*** MATERIALS PROVIDED ***
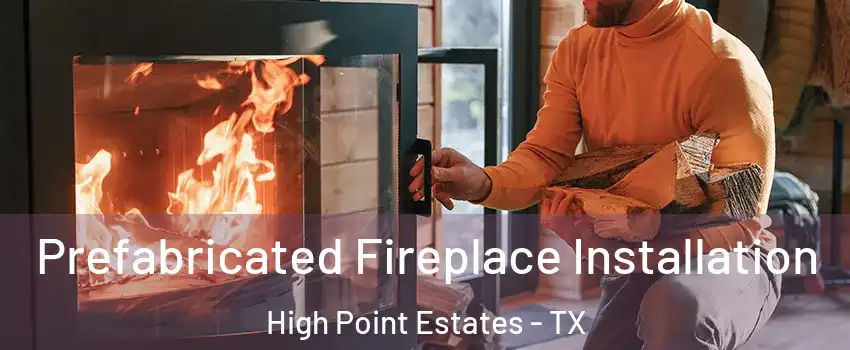 Prefabricated Fireplace Installation High Point Estates - TX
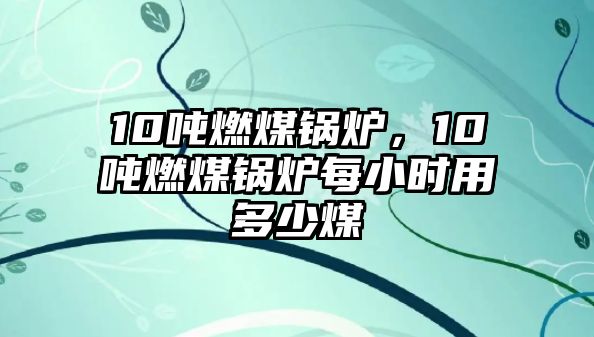 10噸燃煤鍋爐，10噸燃煤鍋爐每小時用多少煤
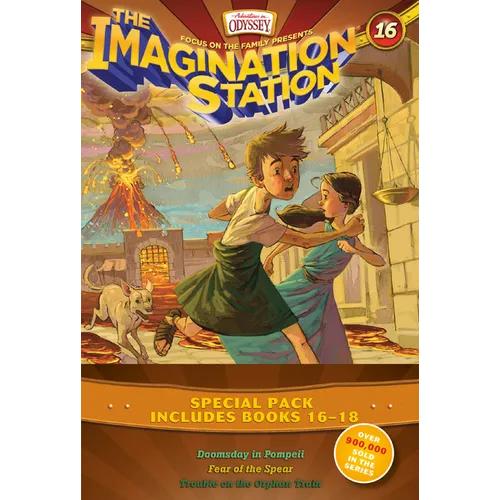 Imagination Station Books 3-Pack: Doomsday in Pompeii / In Fear of the Spear / Trouble on the Orphan Train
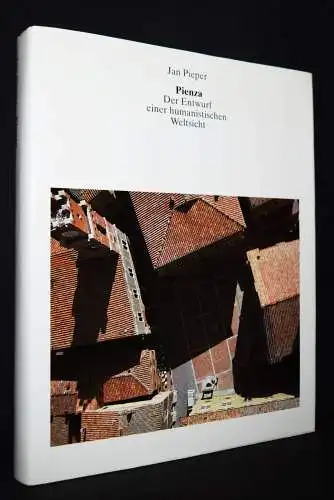 Pieper, Jan. Pienza. Edition Menges - 1997  RENAISSANCE STÄDTEBAU ITALIEN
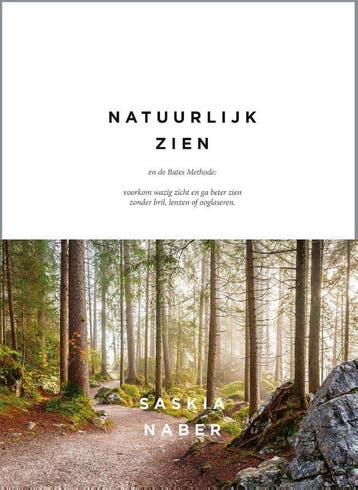 Natuurlijk zien en de Batesmethode 9789081431873, Boeken, Verzenden, Gelezen, Saskia Naber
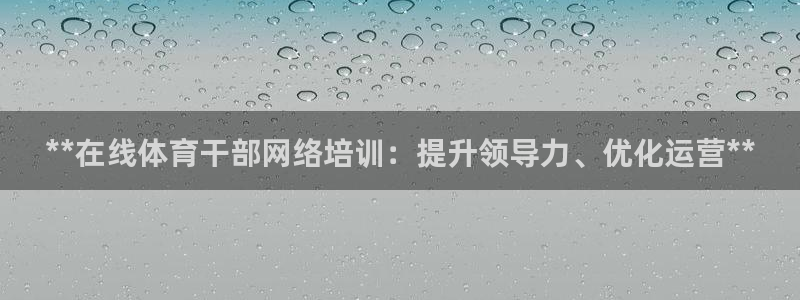 富联申购是什么股票啊：**在线体育干部网络培训：提升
*** End of MATERIALS PROVIDED ***
AIM OF THE EXERCISE -> Write out exactly, and only, the lines from the line holding "Pieper, Jan. Pienza." through the end of the data, inclusive, without any pictures.

WRITTEN RESPONSE ->
 Pieper, Jan. Pienza. Edition Menges - 1997  RENAISSANCE STÄDTEBAU ITALIEN
 Natuurlijk zien en de Batesmethode 9789081431873, Boeken, Verzenden, Gelezen, Saskia Naber
 富联申购是什么股票啊：**在线体育干部网络培训：提升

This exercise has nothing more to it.